Of course, this doesn’t mean in any way that the Sozialdemokratische Partei Deutschlands or DIE LINKE are responsible for the Alternative für Deutschland breakthrough during this election. But simply that they’ve lost quite a lot of suffrage while the Alternative für Deutschland exploded his previous score - mostly in certain regions. What the PC1 cannot clearly show here is a lost of suffrage for both Christlich Soziale Union in Bayern and Christlich Demokratische Union Deutschlands in 2017 too. This is due to an almost identical lost for both and the overwhelming variability they artificially explain.

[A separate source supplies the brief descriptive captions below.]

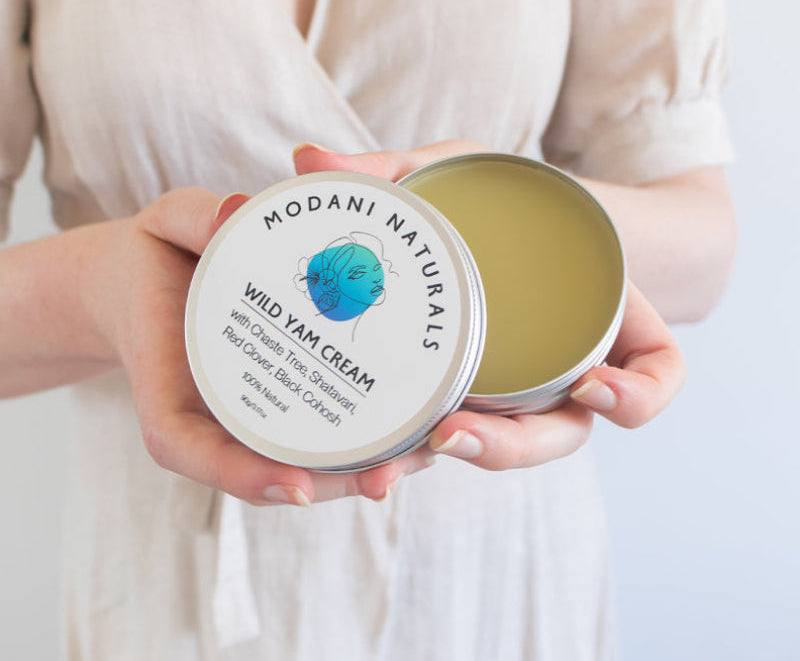 Woman wearing pale pink dress holding open tin of Modani Naturals Wild Yam Cream showing the product inside on light coloured serene background.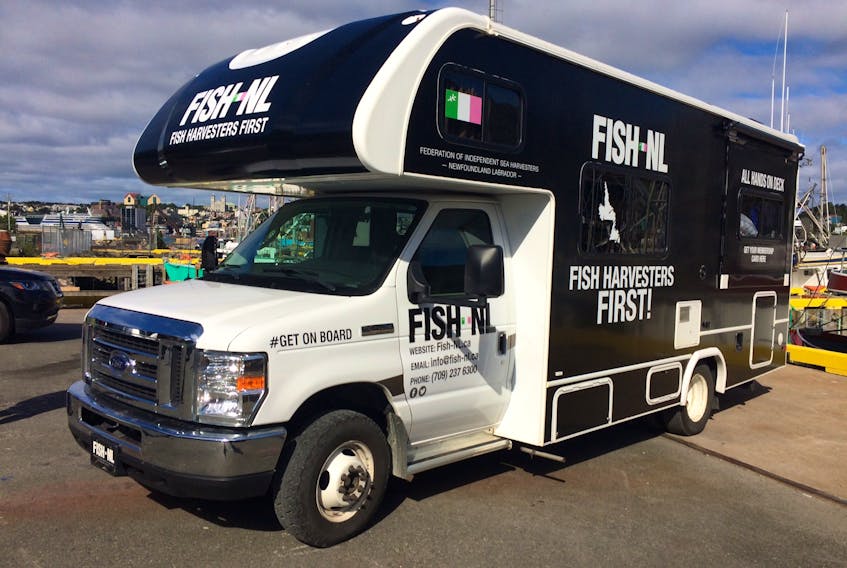 The executive of the Federation of Independent Sea Harvesters of Newfoundland and Labrador (FISH-NL) gathered at the Prosser's Rock Small Boat Basin at Fort Amherst this morning to announce their province-wide membership drive in this Ford E-450 Super Duty RV.
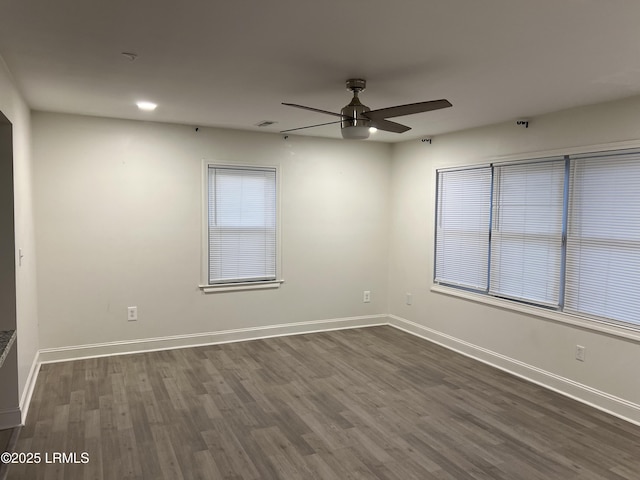 spare room with dark hardwood / wood-style floors and ceiling fan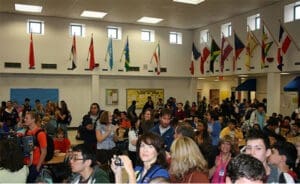 Crowded school event with diverse attendees and international flags, potential injury hazard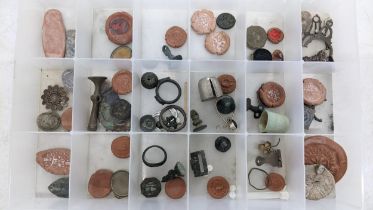 A selection of metal detector finds to include seal matrices jewellery including silver examples and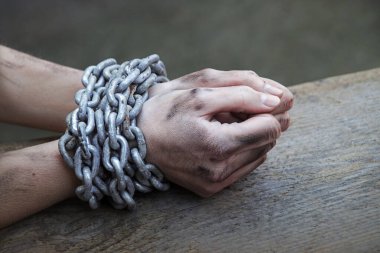 Yakın görüş eski kanun tehlikesi. Stresli erkek çocuk Tanrı 'dan yaşam ahşap metin uzayına yardım etmesini diliyor. Kapanış limiti, acı, kadın bileğini bağlıyor. Demir halat, vücut istismarını engelliyor.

Anyway, of interest for Germany here (i) it isn’t by far enough for Martin Schulz to replace Angela Merkel at the head of the country and (ii) which sadly appears divided once again. And once again, Nazis benefit from this. If geography is perhaps not your strong point, you can find a better visual support by the Interaktiv-Team from the Berliner Morgenpost here. They’ve nicely mapped results by party and region.

Is there a good news in all of that misery after all? Yes, I’ve found one =)

# Lower AFD percentage in the whole country is
as.character(bundeswahlPer17[which.min(bundeswahlPer17[, "Alternative.für.Deutschland"]), "Gebiet"])
## [1] "Münster"